--- Given information ---
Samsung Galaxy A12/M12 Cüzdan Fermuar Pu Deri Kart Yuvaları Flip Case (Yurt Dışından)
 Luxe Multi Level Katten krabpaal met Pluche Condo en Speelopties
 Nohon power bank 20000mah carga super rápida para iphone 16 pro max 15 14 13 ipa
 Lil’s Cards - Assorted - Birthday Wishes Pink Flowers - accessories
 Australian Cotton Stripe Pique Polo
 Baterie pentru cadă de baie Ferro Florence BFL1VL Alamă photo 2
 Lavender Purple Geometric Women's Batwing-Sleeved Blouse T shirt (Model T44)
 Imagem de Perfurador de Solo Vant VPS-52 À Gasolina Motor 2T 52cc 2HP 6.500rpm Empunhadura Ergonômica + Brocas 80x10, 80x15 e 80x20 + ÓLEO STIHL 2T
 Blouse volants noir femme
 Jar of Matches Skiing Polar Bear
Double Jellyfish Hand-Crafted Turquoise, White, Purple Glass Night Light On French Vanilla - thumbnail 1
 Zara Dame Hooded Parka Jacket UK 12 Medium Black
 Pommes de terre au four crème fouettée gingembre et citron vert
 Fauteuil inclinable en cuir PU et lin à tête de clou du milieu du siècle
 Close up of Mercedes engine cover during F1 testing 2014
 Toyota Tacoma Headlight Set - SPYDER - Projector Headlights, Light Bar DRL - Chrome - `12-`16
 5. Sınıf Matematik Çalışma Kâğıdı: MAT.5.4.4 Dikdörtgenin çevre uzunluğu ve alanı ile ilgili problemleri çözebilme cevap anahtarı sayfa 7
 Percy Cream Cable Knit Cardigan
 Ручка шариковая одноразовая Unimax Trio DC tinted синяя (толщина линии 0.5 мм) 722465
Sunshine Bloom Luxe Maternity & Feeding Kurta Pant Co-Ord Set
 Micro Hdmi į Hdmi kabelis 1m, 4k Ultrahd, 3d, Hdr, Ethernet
---
* _How to complete this task_
Would you transcribe the entries above exactly as they appear?

* _Output for this exercise_
Samsung Galaxy A12/M12 Cüzdan Fermuar Pu Deri Kart Yuvaları Flip Case (Yurt Dışından)
 Luxe Multi Level Katten krabpaal met Pluche Condo en Speelopties
 Nohon power bank 20000mah carga super rápida para iphone 16 pro max 15 14 13 ipa
 Lil’s Cards - Assorted - Birthday Wishes Pink Flowers - accessories
 Australian Cotton Stripe Pique Polo
 Baterie pentru cadă de baie Ferro Florence BFL1VL Alamă photo 2
 Lavender Purple Geometric Women's Batwing-Sleeved Blouse T shirt (Model T44)
 Imagem de Perfurador de Solo Vant VPS-52 À Gasolina Motor 2T 52cc 2HP 6.500rpm Empunhadura Ergonômica + Brocas 80x10, 80x15 e 80x20 + ÓLEO STIHL 2T
 Blouse volants noir femme
 Jar of Matches Skiing Polar Bear
Double Jellyfish Hand-Crafted Turquoise, White, Purple Glass Night Light On French Vanilla - thumbnail 1
 Zara Dame Hooded Parka Jacket UK 12 Medium Black
 Pommes de terre au four crème fouettée gingembre et citron vert
 Fauteuil inclinable en cuir PU et lin à tête de clou du milieu du siècle
 Close up of Mercedes engine cover during F1 testing 2014
 Toyota Tacoma Headlight Set - SPYDER - Projector Headlights, Light Bar DRL - Chrome - `12-`16
 5. Sınıf Matematik Çalışma Kâğıdı: MAT.5.4.4 Dikdörtgenin çevre uzunluğu ve alanı ile ilgili problemleri çözebilme cevap anahtarı sayfa 7
 Percy Cream Cable Knit Cardigan
 Ручка шариковая одноразовая Unimax Trio DC tinted синяя (толщина линии 0.5 мм) 722465
Sunshine Bloom Luxe Maternity & Feeding Kurta Pant Co-Ord Set
 Micro Hdmi į Hdmi kabelis 1m, 4k Ultrahd, 3d, Hdr, Ethernet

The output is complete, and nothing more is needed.